For instance, when we are talking about a body made out of a perfect fluid, we can use the analysis of Tolmann, Oppenheimer and Volkoff to see that the gravitating mass can be understood to consist of three contributions
$$M = M_0 + \delta M_\mathrm{thermo} + \delta M_\mathrm{binding}$$
$\delta M_\mathrm{thermo}$ corresponds to the internal thermodynamical energy of the gas, and $\delta M_\mathrm{binding}$ is the gravitational binding energy.
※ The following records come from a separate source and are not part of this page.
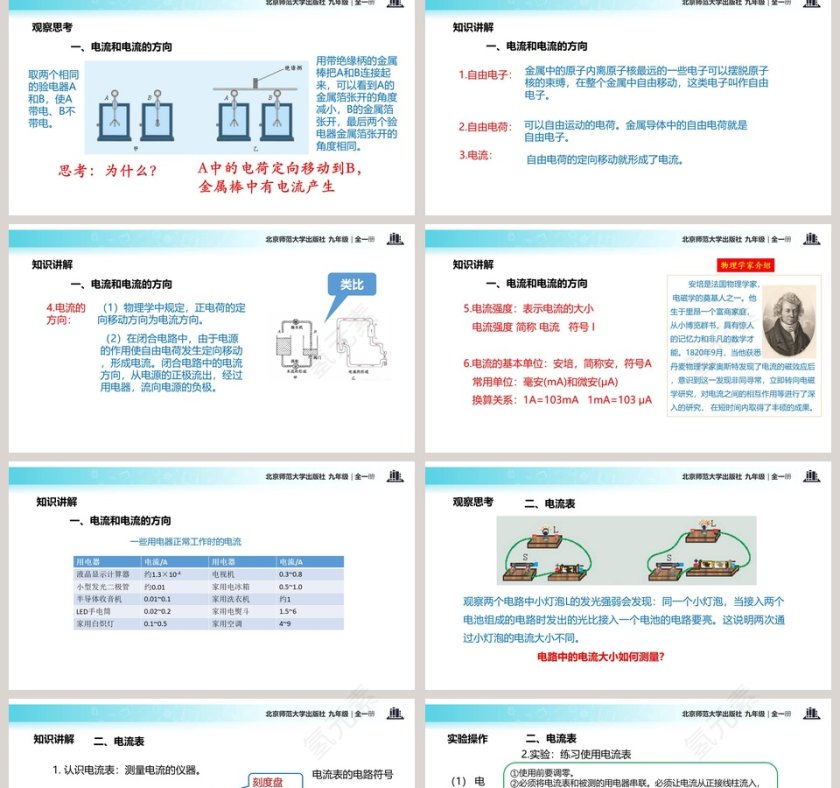 北京师范大学出版社九年级-全一册教学ppt课件第2张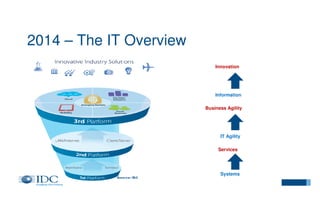 2014 – The IT Overview
Innovation

Information
Business Agility

IT Agility
Services

Systems

 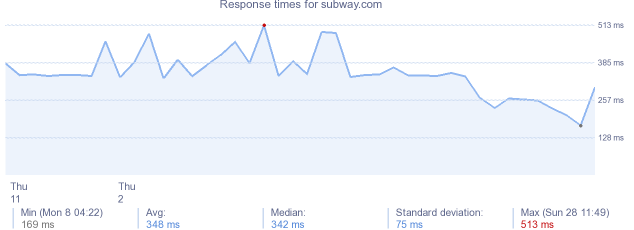 load time for subway.com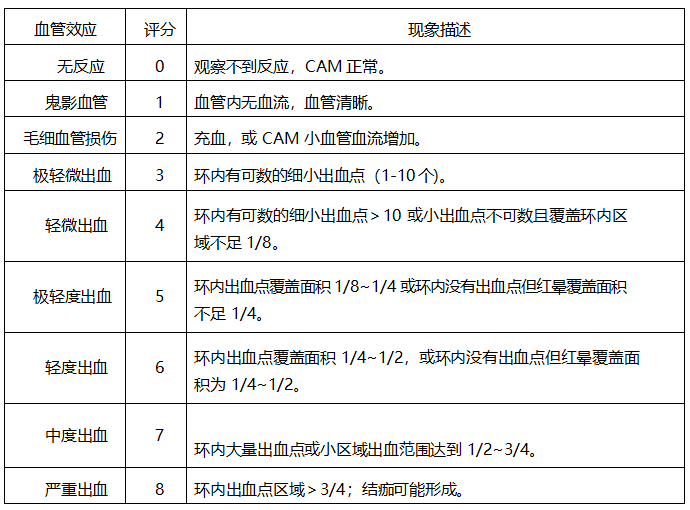 刺激程度評分標準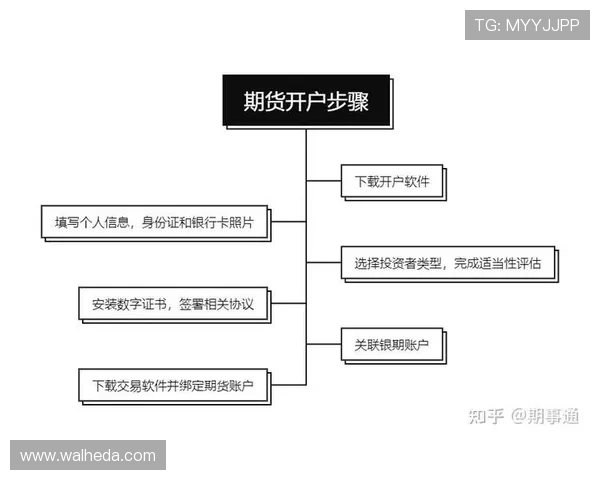 如何在B sports实现快速安全的现金开户操作流程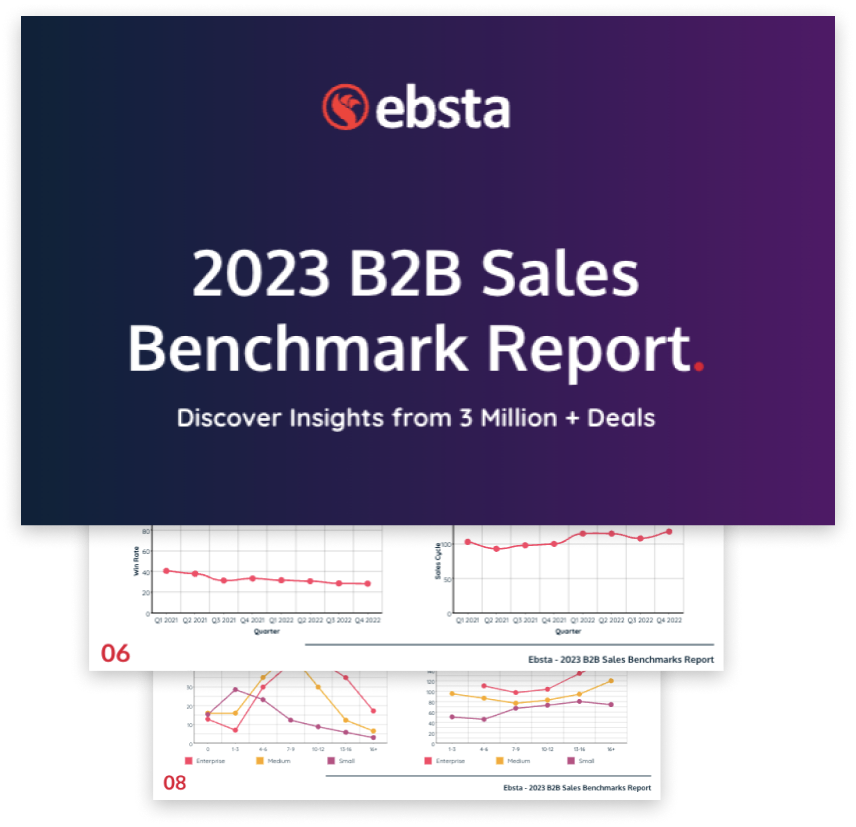 Trends In B2B Sales 2023: Insights From $37B In Pipeline Data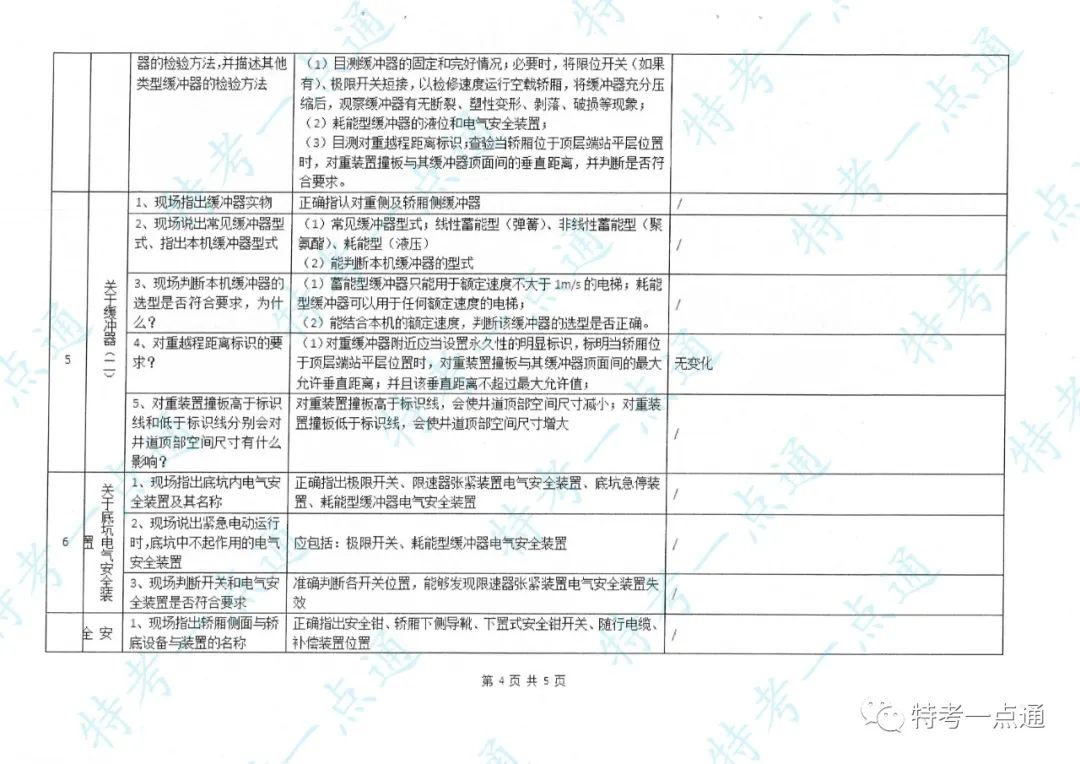 电梯检验员实操主要内容及要点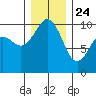 Duwamish Waterway tide chart for Tuesday, December 24, 2024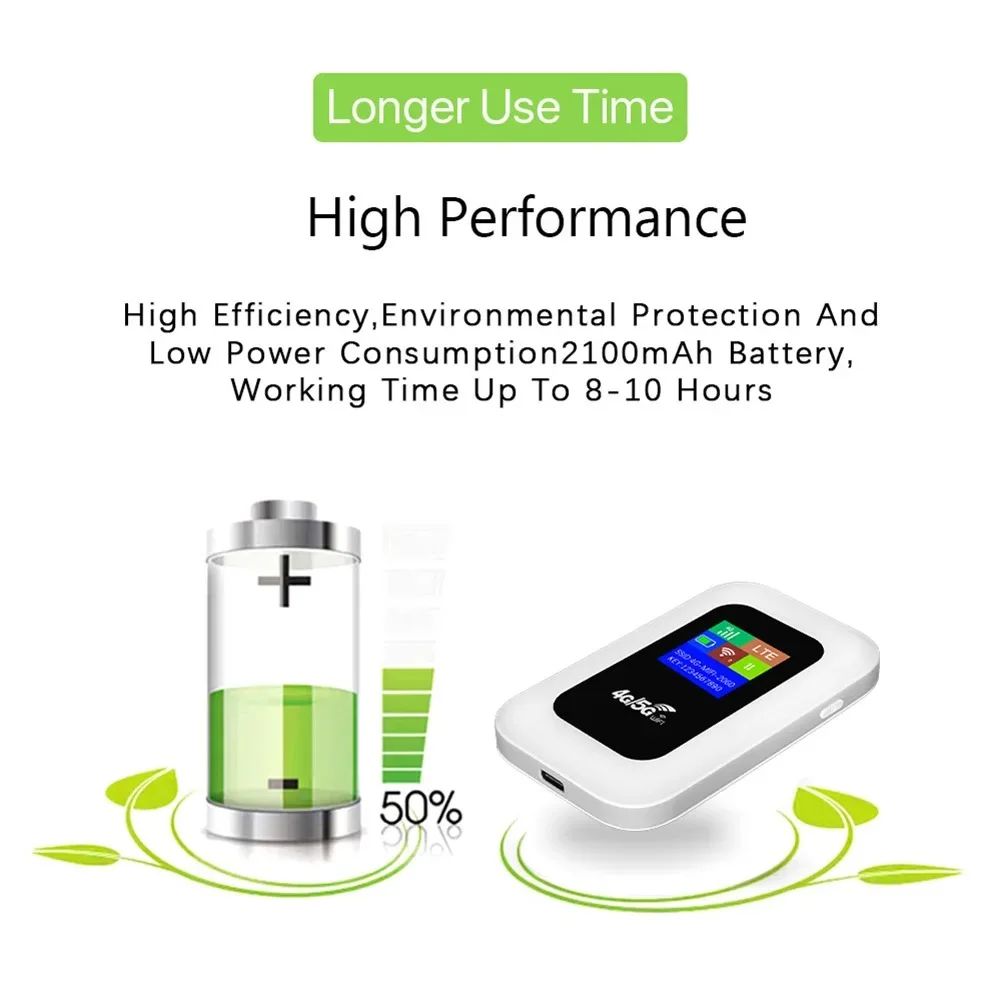 جهاز واي فاي محمول للمنزل والسفر | Portable 4G/5G Mobile WiFi Router 150Mbps 🔋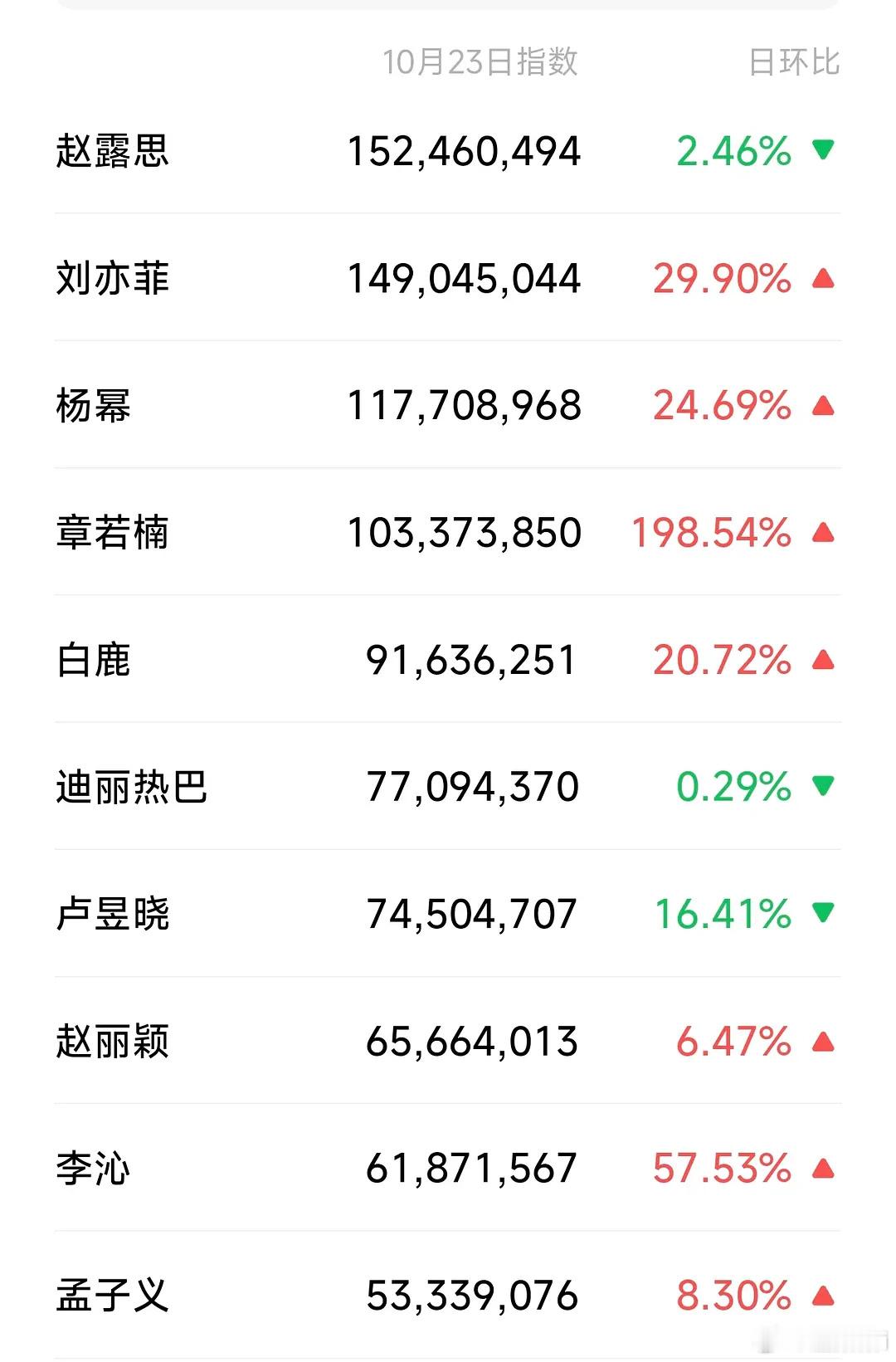 每次搜微指老露跟个显眼包一样的 ​​​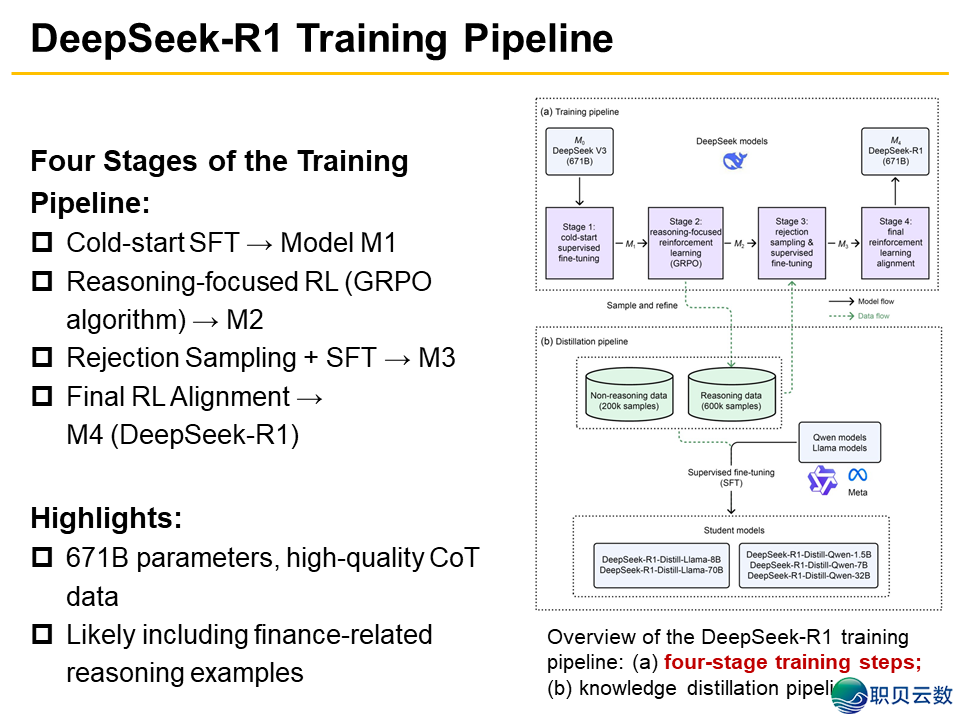 刘硕凌、杨强等丨DeepSeek-R1赶上金融使用:基准、机缘取范围 | FITEEw8.jpg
When we are close to a Newtonian regime, the binding energy can be expressed simply as the Newtonian binding energy (divided by $c^2$)
$$\delta M_\mathrm{binding} = -\int_0^\mathrm{surf.} \frac{G m_0(r) \rho_0 }{r c^2} 4 \pi r^2 dr$$
where $\rho_0$ is the rest-mass density, and $m_0(r) = \int_0^r \rho_0(r') 4\pi r'^2dr'$ is the rest mass contained in the sphere of radius $r$.